- French theatrical release poster
- Directed by: Christophe Honoré
- Written by: Christophe Honoré
- Produced by: Philippe Martin; David Thion;
- Starring: Vincent Lacoste; Pierre Deladonchamps; Denis Podalydès;
- Cinematography: Rémy Chevrin
- Edited by: Chantal Hymans
- Production companies: Les Films Pelléas; Arte France Cinéma; Canal+; Ciné+; Centre national du cinéma et de l'image animée; Cinémage 12; Cofinova 14; Palatine Etoile 15;
- Distributed by: Ad Vitam
- Release dates: 10 May 2018 (Cannes); 10 May 2018 (France);
- Running time: 132 minutes
- Country: France
- Language: French
- Budget: $4 million
- Box office: $1.6 million

= Sorry Angel =

2018 film

Sorry Angel (Plaire, aimer et courir vite) is a 2018 French romantic drama film directed by Christophe Honoré. It was selected to compete for the Palme d'Or at the 2018 Cannes Film Festival.

==Plot==
Set in 1993, Jacques (Pierre Deladonchamps) is a 39-year-old gay author living and working in Paris. He is a part-time, albeit inattentive, father to his young son Loulou, who stays with him every other night. Loulou is accustomed to his father's bouts of self-indulgent melancholy as well as his manic appreciation for the arts and his string of young lovers. At the same time, Jacques is in the process of coming to terms with his health's steady decline due to AIDS, which is simultaneously and severely affecting his ex-lover Marco. When Marco is rejected by his lover Thierry and comes to stay with Jacques, the two discuss again their intentions to commit suicide before they can be claimed by the disease. Jacques lives on the floor below his good friend Mathieu (Denis Podalydès), an older gay man and newspaper editor who regular caters to Jacques's flamboyant episodes.

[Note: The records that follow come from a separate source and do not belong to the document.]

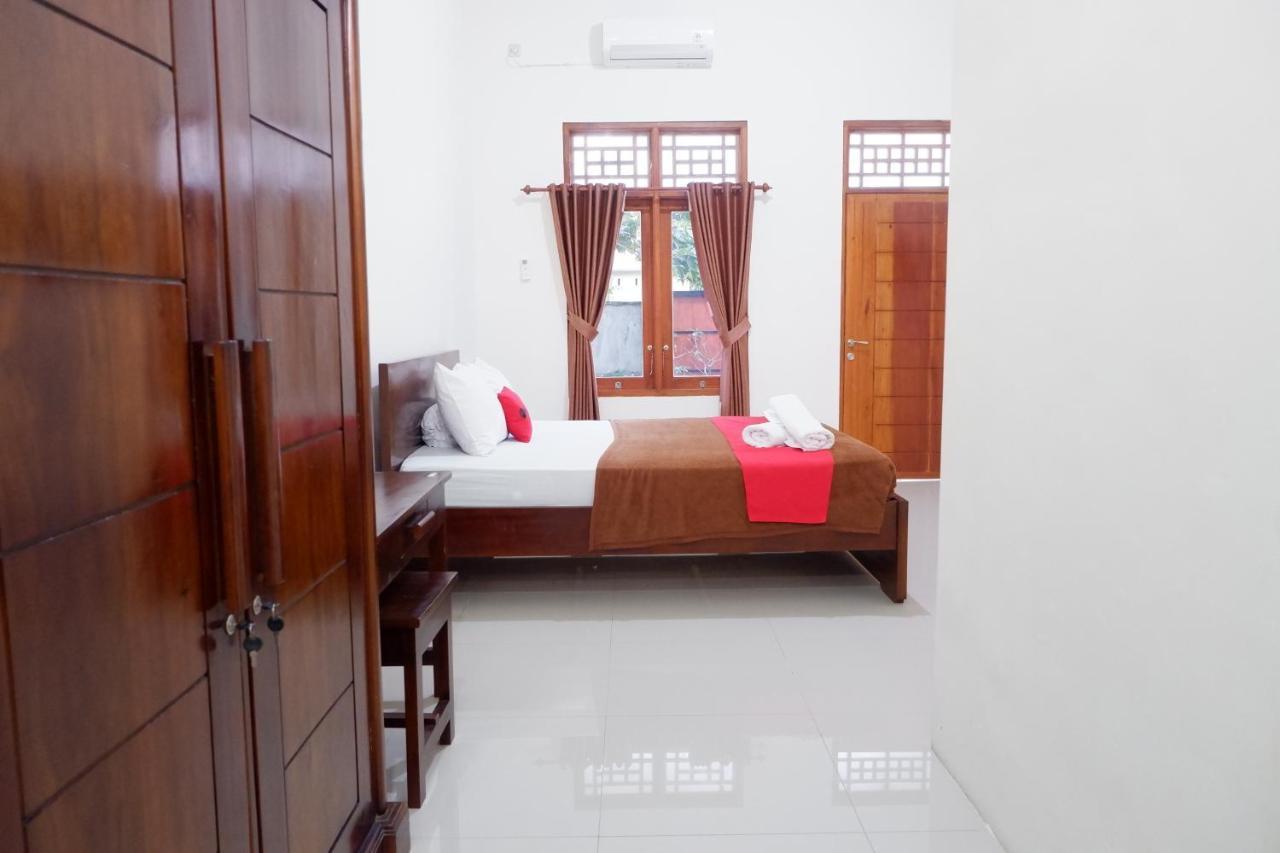 Reddoorz at Bale Eja Syariah Senggigi Apartment Montongbuwoh Luaran gambar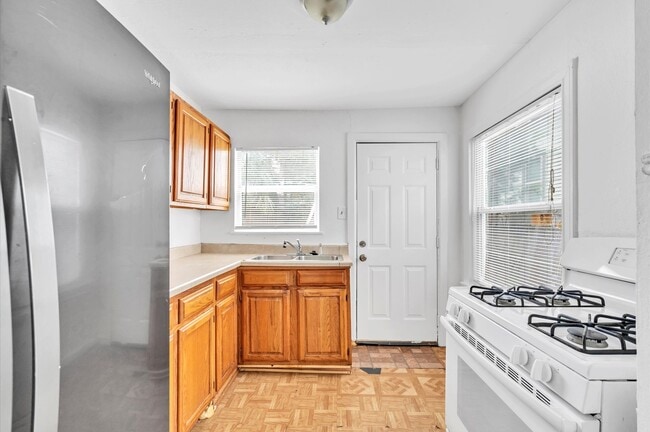 Building Photo - 3530 Griggs Rd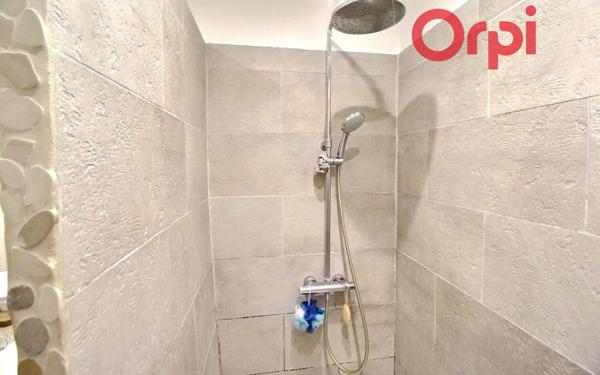 Appartement à vendre    1 pièce • 48 m2 Marseille 2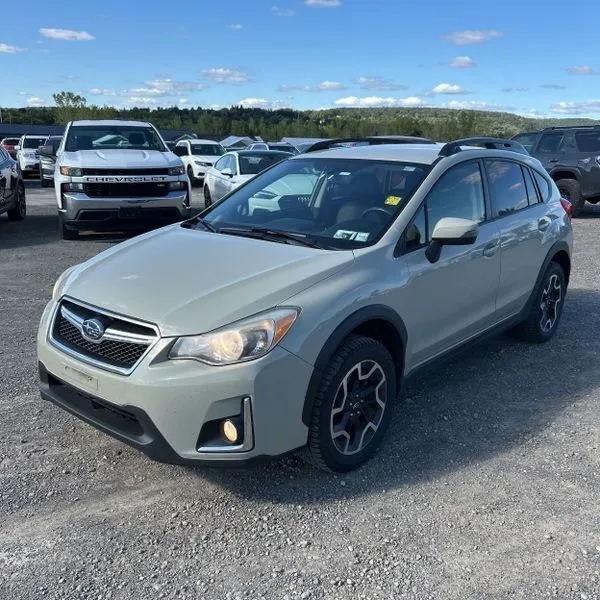 Beige 2017 Subaru Crosstrek 2.0i Limited for sale in Carlstadt, NJ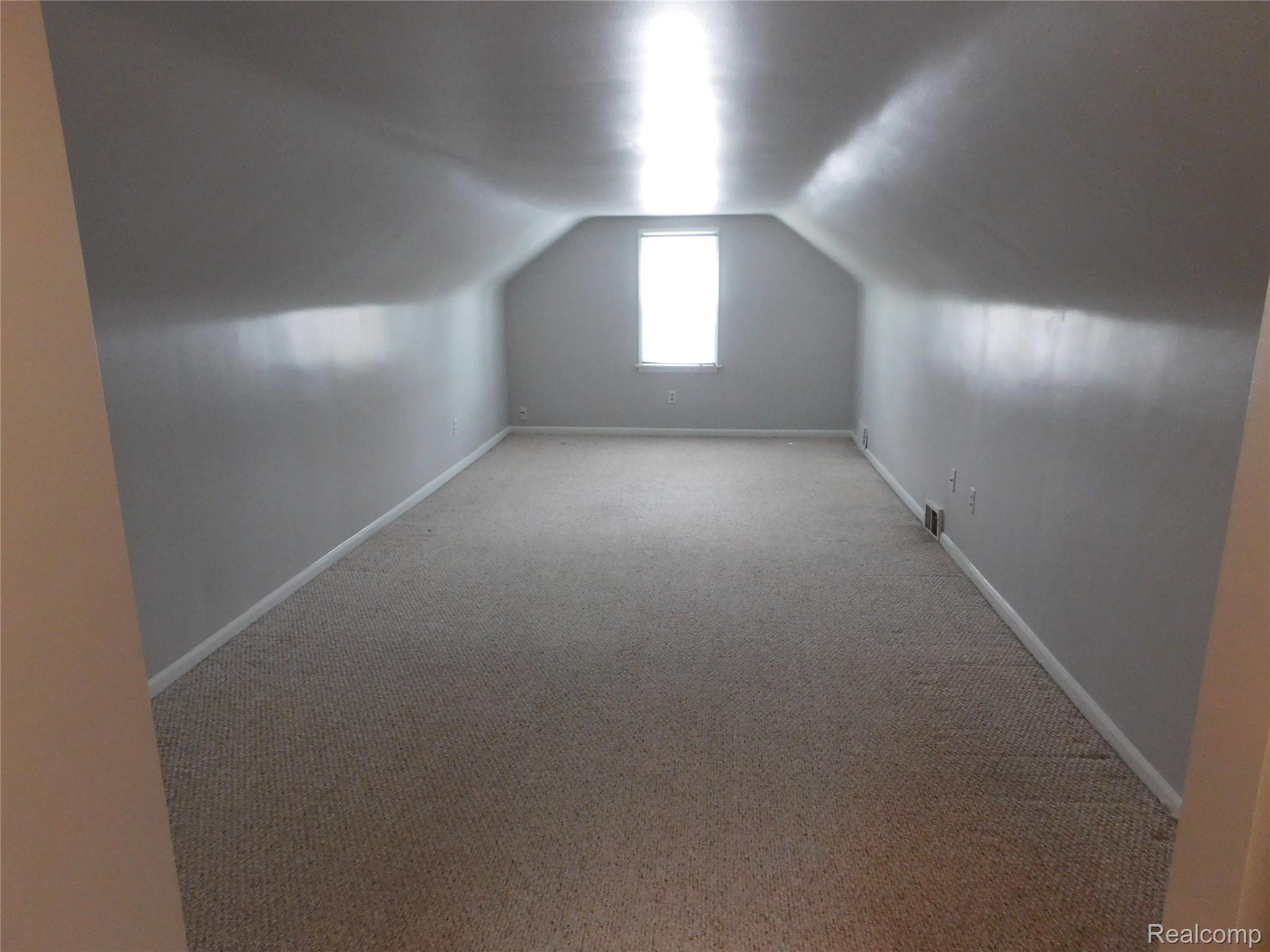 St Clair Shores City, Michigan 48082, United States, 2 Bedrooms Bedrooms, ,1 BathroomBathrooms,Residential,Active,163300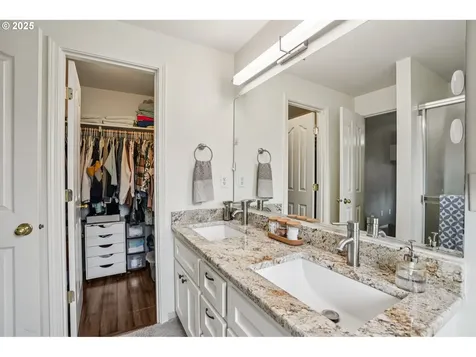 3008 NE 161st Avenue Vancouver WA 98682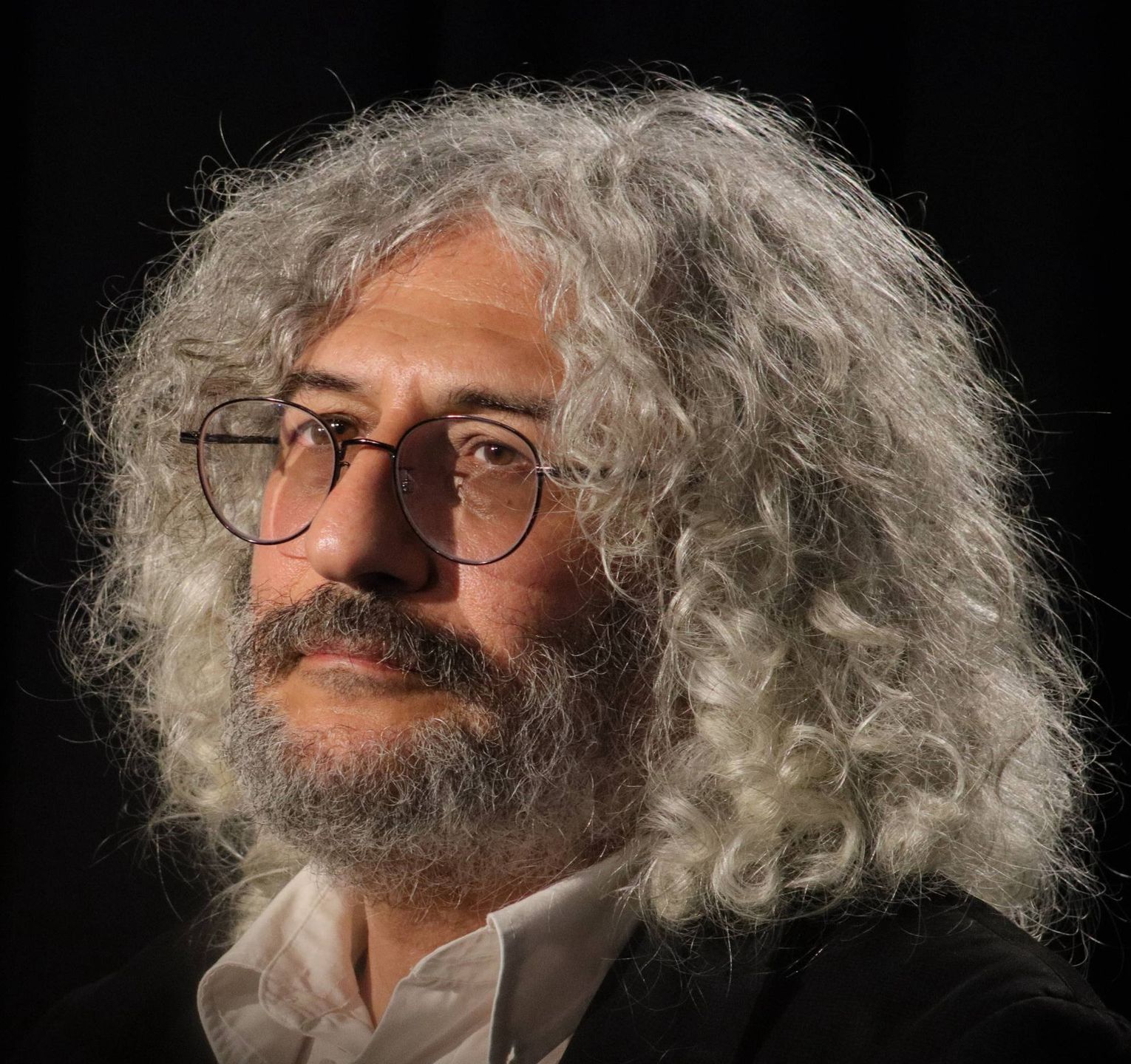 Grigorij Mesežnikov, słowacki politolog i publicysta. Wraz z doradcą Vaclava Havela założył think tank Instytut Spraw Publicznych (IVO), celem organizacji jest promowanie otwartości społeczeństwa i demokracji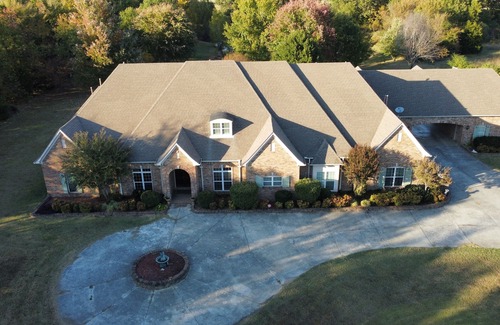 Lakes of Forest Hill House | Ideal Corporate Retreat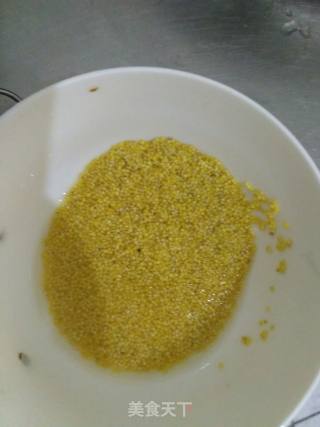 红薯枣米粥的做法步骤：2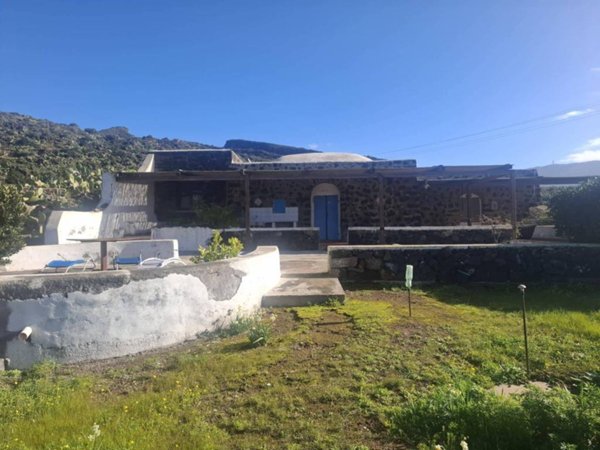 casa indipendente in vendita a Pantelleria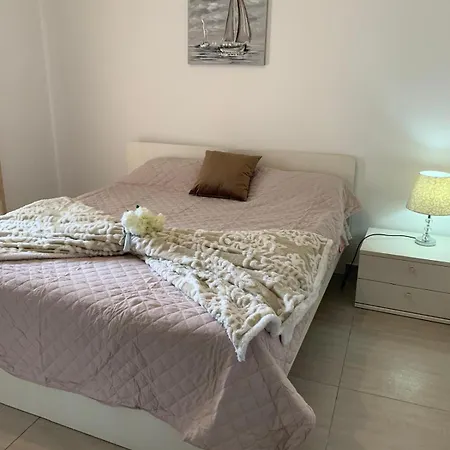 Gzr F3, Spacious In Downtown 公寓 Gzira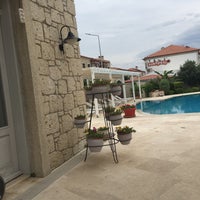 Photo taken at Triangulo Hotel Alaçatı by 🌸ཛཏma  💄🎒👢🕶 on 6/18/2017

In the meantime, Jacques meets 22-year-old Arthur (Vincent Lacoste), a student and camp counselor, during a work event in Brittany. Arthur is in the throes of a relatively newfound homosexual lifestyle, and he finds himself disenchanted by his generation's rejection of literature and shame of sex; for these reasons, he is drawn to Jacques and his intellectualism. Jacques understands his own reticence to commit to a proper relationship because of a current fling with the young Jean-Marie, and because of his AIDS, but finds himself immensely interested in Arthur. Despite Jacques's intentions to keep things platonic, the two sleep together a few times before Jacques returns home to Paris.

As Jacques's AIDS worsens—not a problem for Arthur, who accepts him wholeheartedly—Arthur comes to visit, during which Jacques admits that he has attempted to reject Arthur because he refuses to die stricken by grief that a new love must be over too soon. Arthur appreciates Jacques's lyrical philosophies but cannot accept that he must let Jacques go—or that Jacques could truly want him to. The two spend an evening with Mathieu that ends with Arthur's proclamation that the two "could make a good life together", eventually returning to Brittany to inform his friends he is moving to Paris to be with Jacques.

Arthur waits for Jacques to return his calls in order to finalise their plans, completely unaware that he is in the midst of organising his suicide. Jacques brings his life's diaries to Mathieu and says his goodbyes, never returning Arthur's final call.

==Cast==
- Pierre Deladonchamps as Jacques Tondelli
- Vincent Lacoste as Arthur Prigent
- Denis Podalydès as Matthieu
- Quentin Thébault as Jean-Marie
- Sophie Letourneur as Isabelle
- Thomas Gonzalez as Marco
- Tristan Farge as Louis 'Loulou'

==Production==
Principal photography commenced with shooting in Binic (Côtes-d'Armor) on 12 and 13 June 2017. Filming lasted a total of 36 shooting days in June, July and August 2017, at locations in the cities of Rennes and Paris, as well as a brief shoot in Amsterdam.

==Awards==
The film was awarded the Louis Delluc Prize for Best Film in 2018.